> How to complete this task
Exact reproduction required: the lines below from the line with "Atlantic Private Pool Villa *" to the line with "Model: Swantje 106705", both ends included, and no others.

> Records shown
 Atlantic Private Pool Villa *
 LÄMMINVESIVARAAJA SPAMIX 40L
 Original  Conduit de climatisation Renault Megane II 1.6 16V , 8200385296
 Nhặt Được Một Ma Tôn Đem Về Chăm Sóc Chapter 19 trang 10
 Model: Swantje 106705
* * *
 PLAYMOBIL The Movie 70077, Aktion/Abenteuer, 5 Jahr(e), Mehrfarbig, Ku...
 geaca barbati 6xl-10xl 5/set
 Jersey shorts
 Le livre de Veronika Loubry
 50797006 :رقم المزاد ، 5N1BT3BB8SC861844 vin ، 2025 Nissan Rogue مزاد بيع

> Solution to the problem
 Atlantic Private Pool Villa *
 LÄMMINVESIVARAAJA SPAMIX 40L
 Original  Conduit de climatisation Renault Megane II 1.6 16V , 8200385296
 Nhặt Được Một Ma Tôn Đem Về Chăm Sóc Chapter 19 trang 10
 Model: Swantje 106705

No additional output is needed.